-- Given entries --
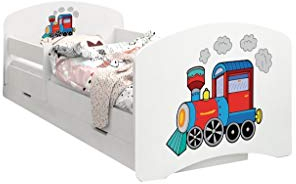 Happy Babies - Doppelseitiges Kinderbett MIT SCHUBLADE Modernes Design mit sicheren Kanten und Absturzsicherung Schaumstoffmatratze 7 cm. (140x70, 20. Zug)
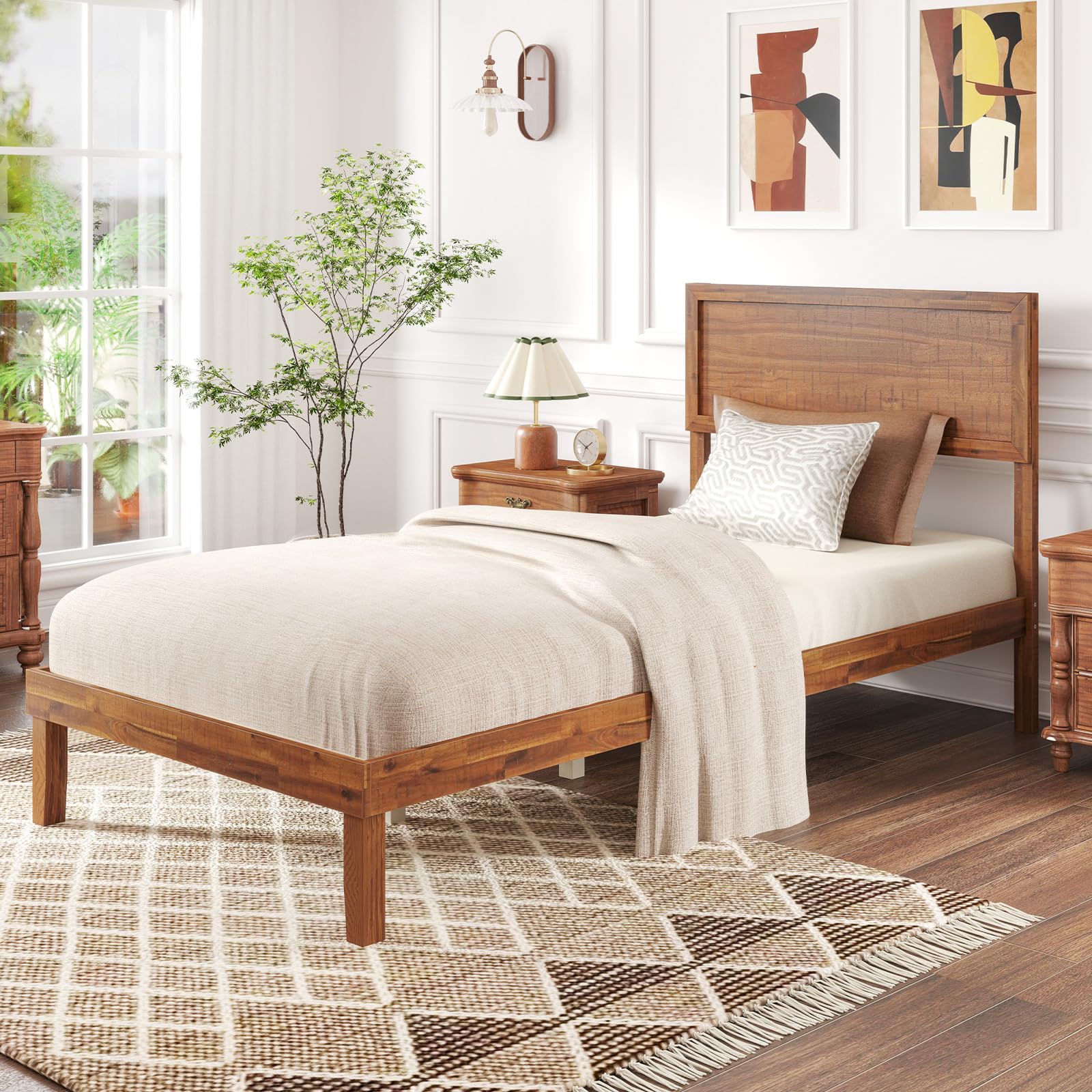 Giantex Wood Twin Bed Frames with Headboard, Solid Acacia Wood Platform Bed with 12 Strong Wooden Slat Support, Scandinavian Style Art Deco Twin Size Bed Frame, No Box Spring Needed, Rustic Brown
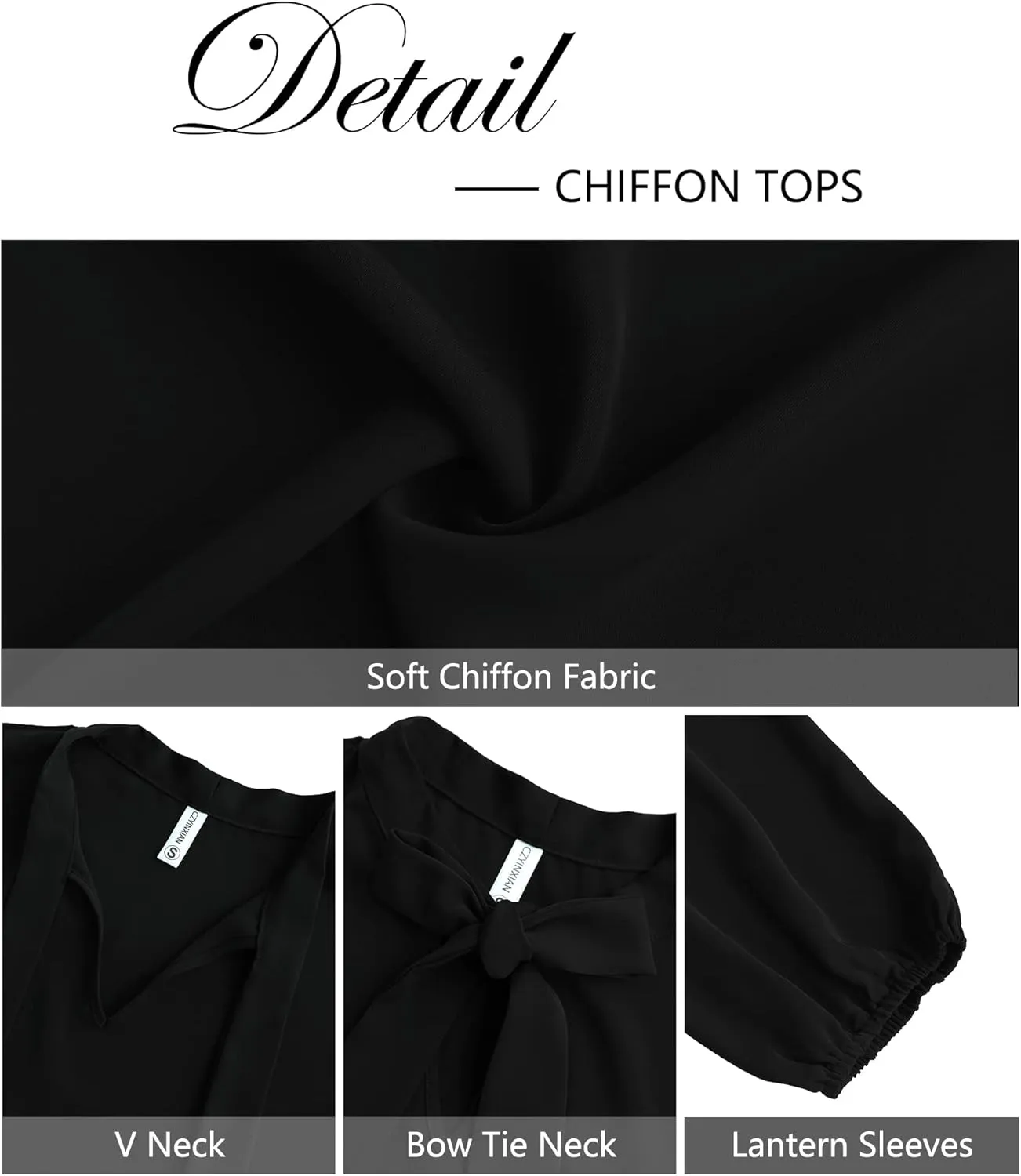 CZYINXIAN Womens Dressy Chiffon Blouse Business Work Casual Tie Neck Shirt Tops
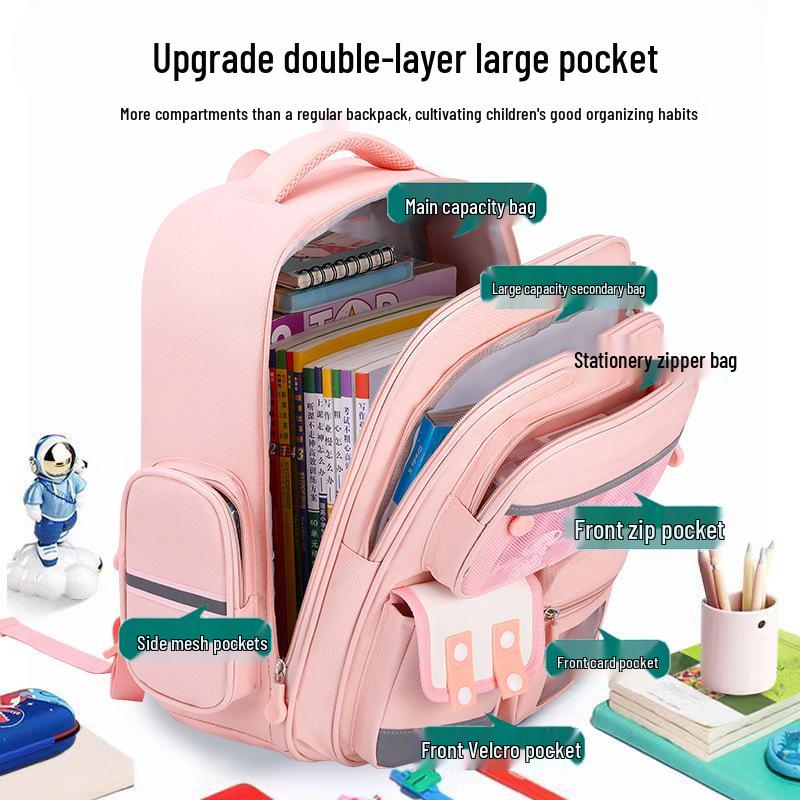 Large Capacity Cute Melody Schoolbag for Primary Students, Girls & Boys, Grades 1-6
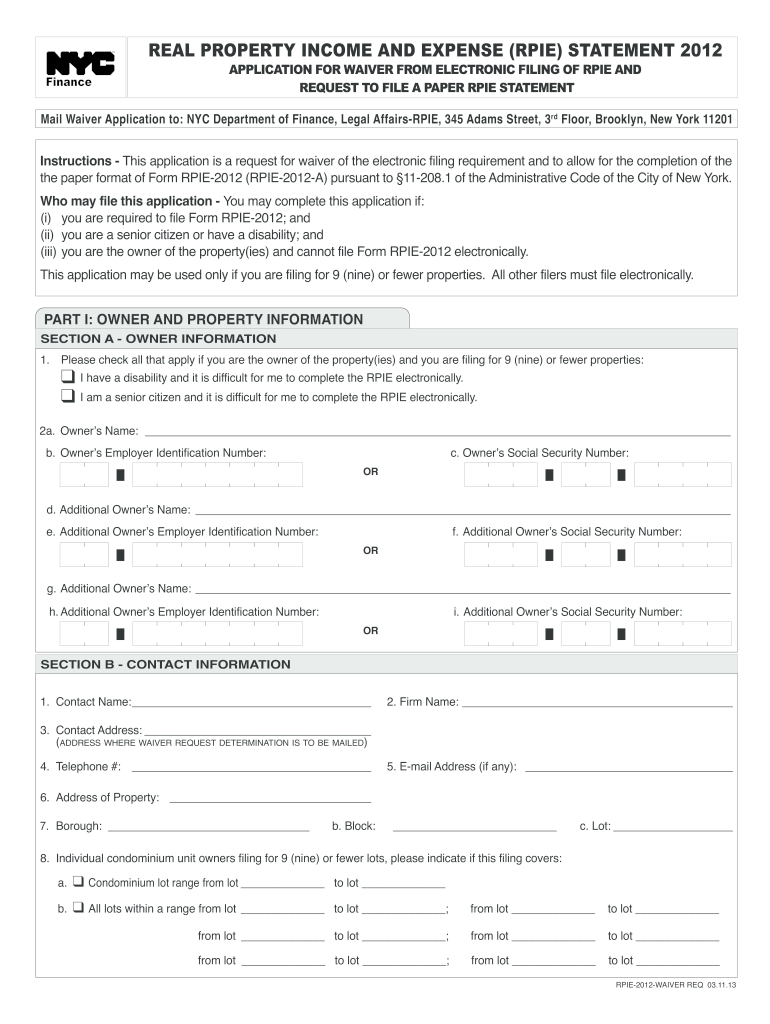 Nyc Rpie Waiver Form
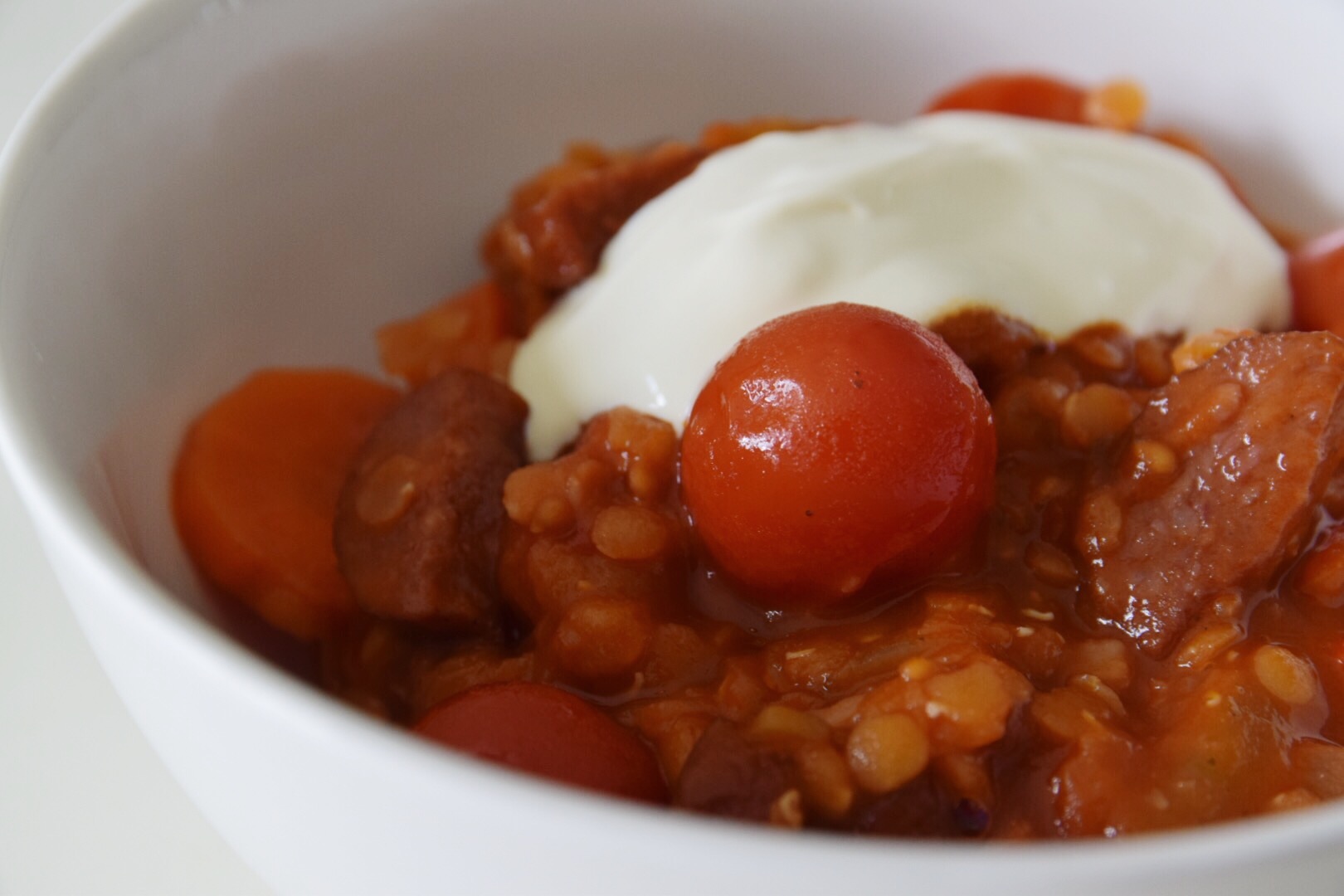 Linsgryta med chorizo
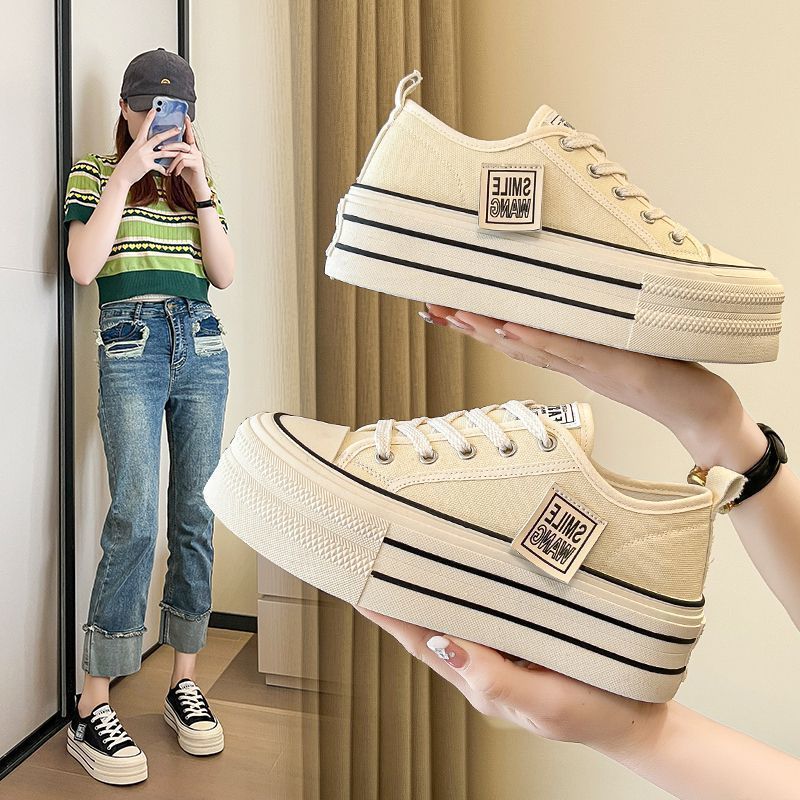 Women Black White Platform Canvas Shoes Sneakers Lace Up Comfortable Shoes Fashion Outdoor Versatile Sport Vulcanize Shoes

-- Work instruction --
Without including any picture, repeat the data exactly.

-- Result --
 Happy Babies - Doppelseitiges Kinderbett MIT SCHUBLADE Modernes Design mit sicheren Kanten und Absturzsicherung Schaumstoffmatratze 7 cm. (140x70, 20. Zug)
 Giantex Wood Twin Bed Frames with Headboard, Solid Acacia Wood Platform Bed with 12 Strong Wooden Slat Support, Scandinavian Style Art Deco Twin Size Bed Frame, No Box Spring Needed, Rustic Brown
 CZYINXIAN Womens Dressy Chiffon Blouse Business Work Casual Tie Neck Shirt Tops
 Large Capacity Cute Melody Schoolbag for Primary Students, Girls & Boys, Grades 1-6
 Nyc Rpie Waiver Form
 Linsgryta med chorizo
 Women Black White Platform Canvas Shoes Sneakers Lace Up Comfortable Shoes Fashion Outdoor Versatile Sport Vulcanize Shoes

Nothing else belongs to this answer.